Many would be aware that although there has been a move to treat small and occult pneumothoraces with observation, in general a significant pneumothorax is treated by the insertion of a thoracostomy tube. However it is not altogether surprising that in an era where minimal intervention is a by-word there would be a move to treat traumatic pneumothorax in the same way.

This paper, from Peter Rhee and his group at the University of Arizona reviewed the performance of percutaneous pigtail catheters inserted via a Seldinger technique with standard chest tubes for treatment of prneumothorax over a 2 year period. Sadly, this was not a randomized controlled trial but rather a retrospective review of 2 years of experience in treating pneumothoraces at a Level 1 Trauma Centre. No information is given as to why some patients were treated with chest tubes and others with pigtail catheters but 386 patients were treated with chest tubes and 94 with pigtail catheters. Most of the pigtails (75) were inserted for simple pneumothoraces but some were inserted for haemothoraces and haemothoraces. Interestingly there were no significant differences in the demography or injury severity of the two patient groups but the pigtail group only stayed 6 days whereas the chest tube group stayed 15 and that difference was statistically significant. Complications occurred at an equal rate in the two groups.

While the science is not strong in this paper it is noteworthy that over the period of the study at the Trauma Centre the use of chest tubes dropped to about one third of the previous level. Interestingly, this paper earned an editorial comment and this noted that while the paper was observational the author of the editorial did not feel that a large randomized trial was necessary, rather just accumulation of more observational studies. It was felt ease of insertion and applicability to a wider range of healthcare environments and providers meant the technique should be increasingly used and the results reported.

 

What does this mean in the Australasian setting?

Undoubtedly this technique could be used successfully in a range of patients with simple pneumothorax in the context of minor trauma and the elderly may well reduce length of stay and cost. Recognising the problems that seem to accompany the insertion of chest tubes in Australia and NZ one could be attracted to this method. However it is worth noting that the complication rate wasn’t reduced with pigtail catheters in this study and the complications that did eventuate were major.

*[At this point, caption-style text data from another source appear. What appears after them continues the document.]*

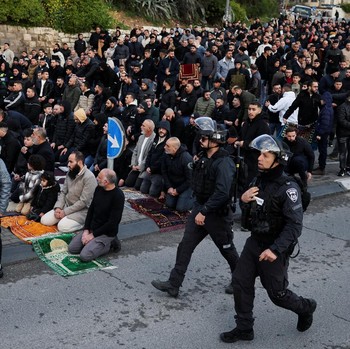 Potret Al-Aqsa Dijaga Ketat, Jamaah Salat Id di Bawah Acungan Senjata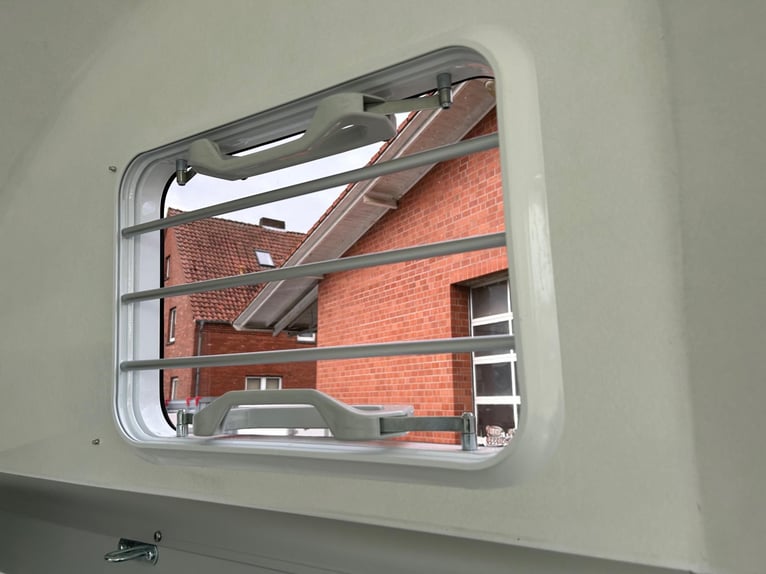 Humbaur Pferdeanhänger Xanthos 2400 2,4t Sattelkammer 100km/h Dark Blue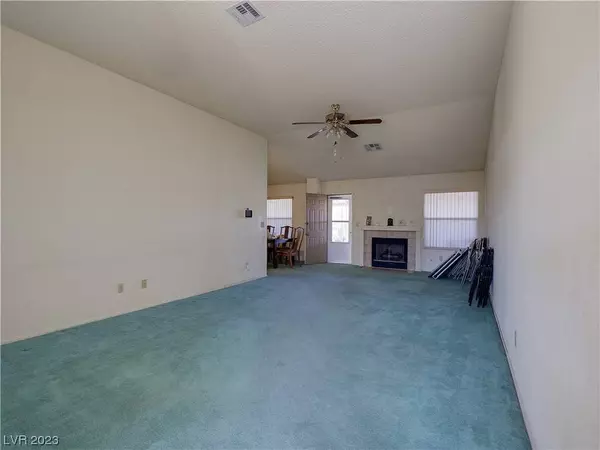 371 Virginia Lake Avenue, Henderson, NV 89015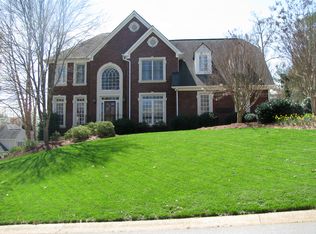 9048 Taunton Dr, Huntersville, NC 28078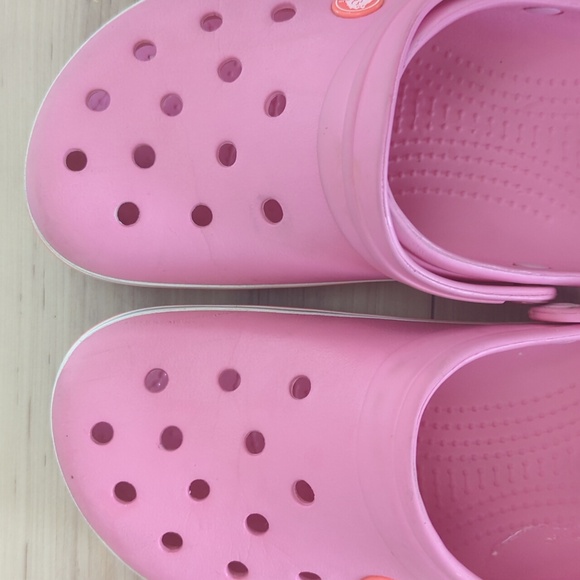 Pink Crocs Size 8 - Picture 3 of 3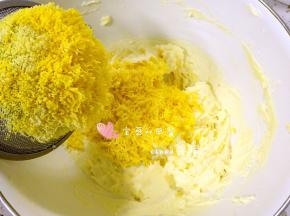 熟鸡蛋去皮去蛋白，取熟蛋黄过筛。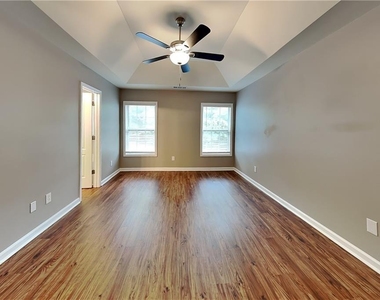6430 Queensdale Drive - Photo Thumbnail 7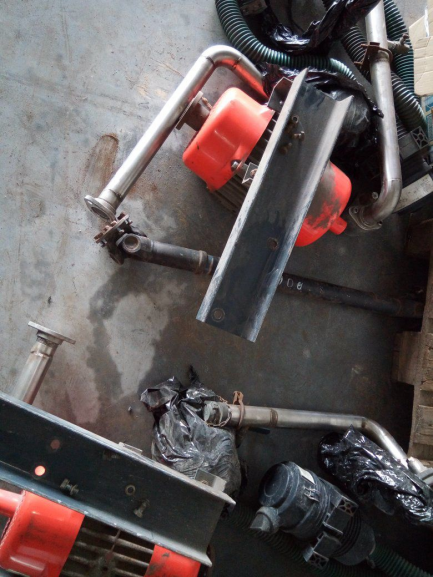 Zdjęcie przedmiotu:  3x Kompresor łopatkowy E140 z przystawką mocy PTO VOLVO do rozładunku materiał&oacute;w do materiał&oacute;w płynnych i p&oacute;łpłynnych Mouvex Blackmer ENTERPRISE Series 140 N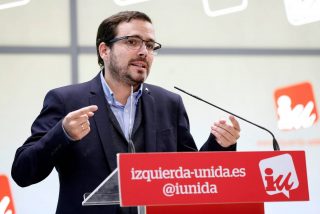 Alberto Garz&oacute;n tiene la caradura de recurrir a la Constituci&oacute;n para defender el cupo vasco y el zasca es soberano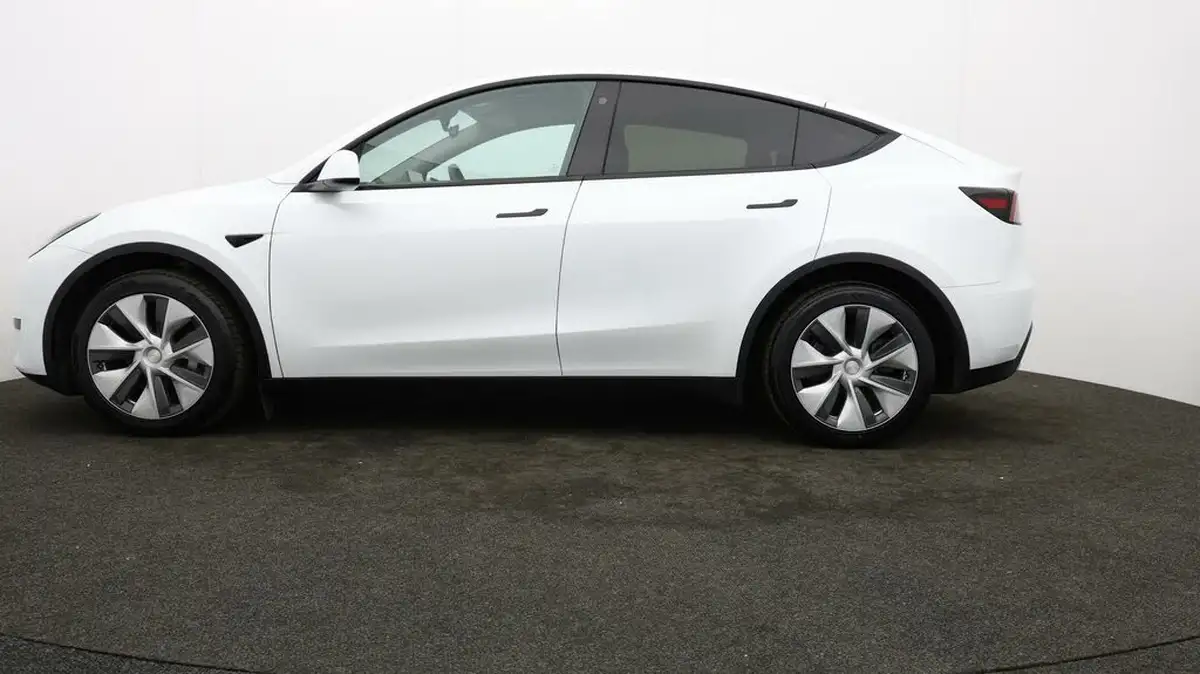 2023-tesla-model-y-e-rwd-big-3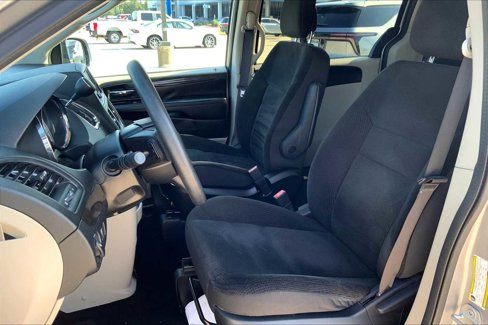 Used 2019 Dodge Grand Caravan SE image 7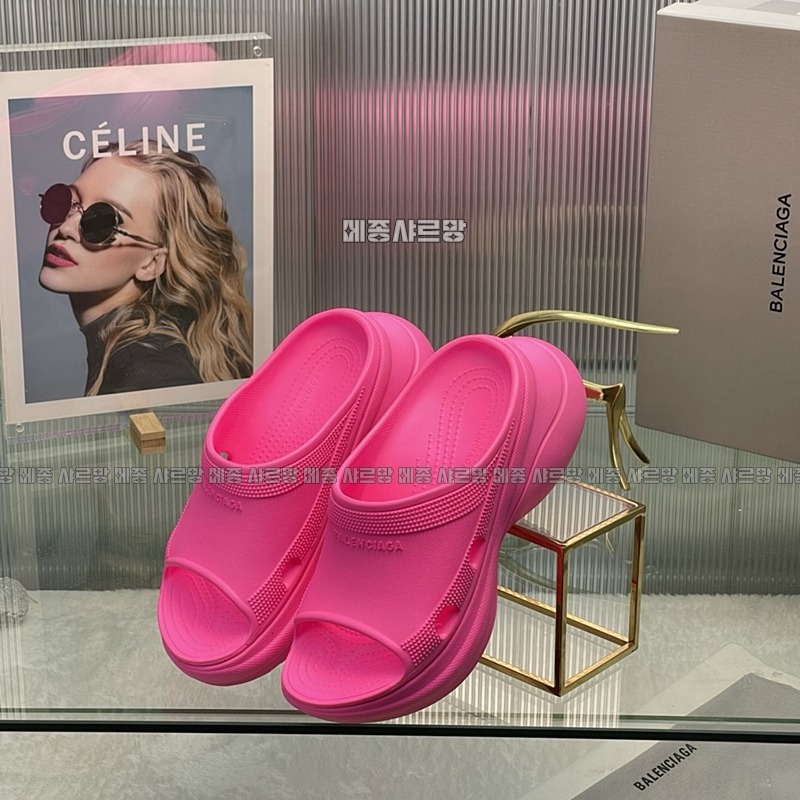 발렌시아가크록스슬라이드샌들20240606-031915-006메종샤르망.JPG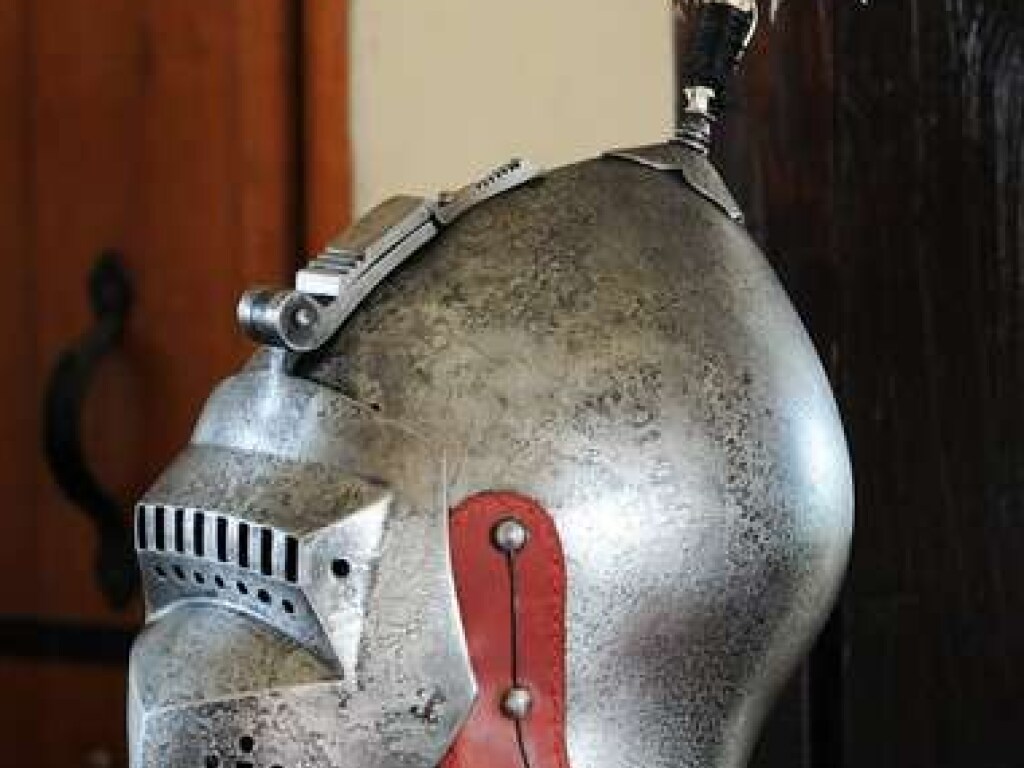 Шлемы, которые носили князья: в Луцке, реконструировали древние доспехи (ФОТО)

Conversely, if standard chest tube insertion became a less common technique and was practiced less often, the facility with this technique, which is already surprisingly low, might deteriorate further. For simple pneumothoraces and particularly in the elderly the pigtail catheter might be a good option. For the benefit of many patients who need positive pressure ventilation with major injuries and who have haemopneumothoraces, such as may be the case in many patients who trigger trauma calls, a standard chest tube, 28-36Fr in an adult, is probably the best option both for the patient, and to maintain the expertise of the trauma care providers.